Start of Raw data

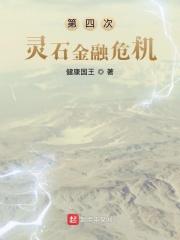 第四次灵石金融危机 第四次灵石金融危机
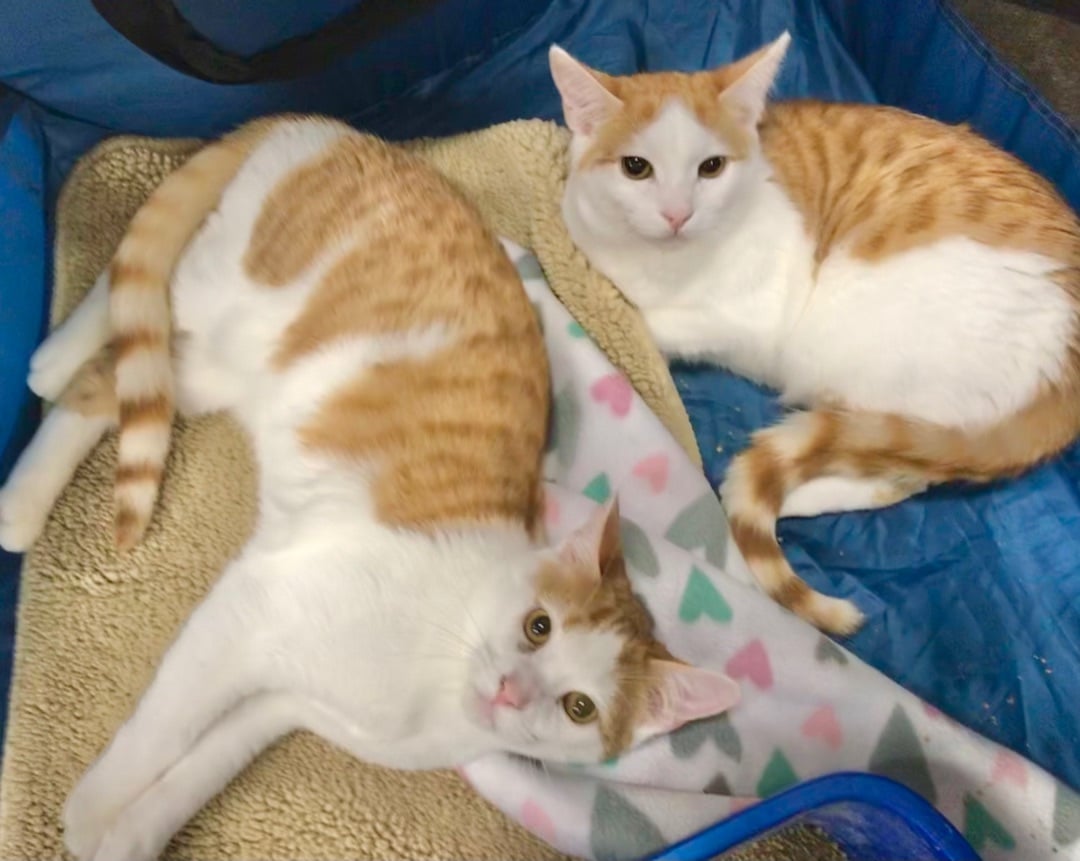 Carmel & Marshmallow 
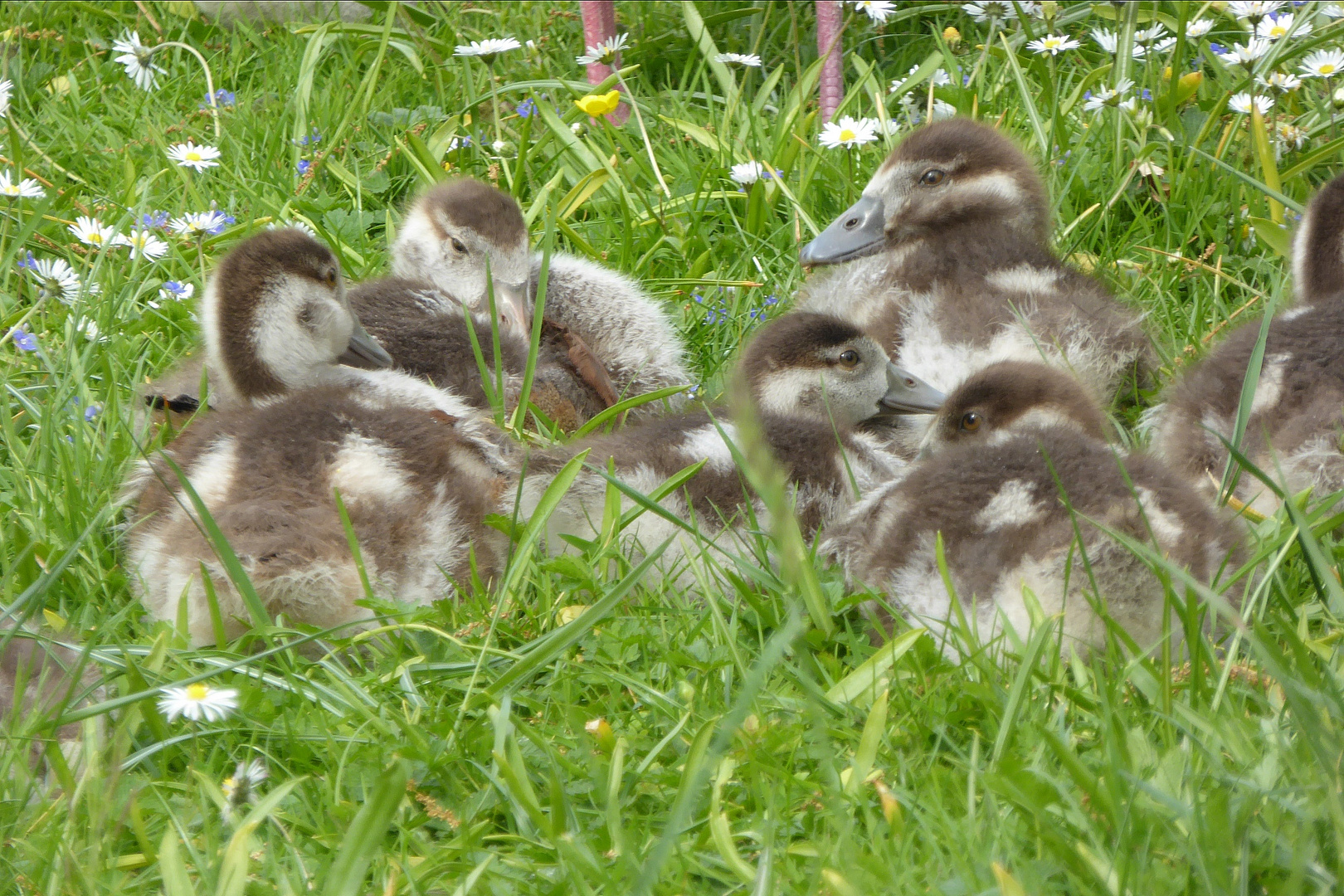 Gänseküken von nah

End of Raw data

Try it:
Repeat the listing above word for word, omitting the pictures.

Response area:
 第四次灵石金融危机 第四次灵石金融危机
 Carmel & Marshmallow 
 Gänseküken von nah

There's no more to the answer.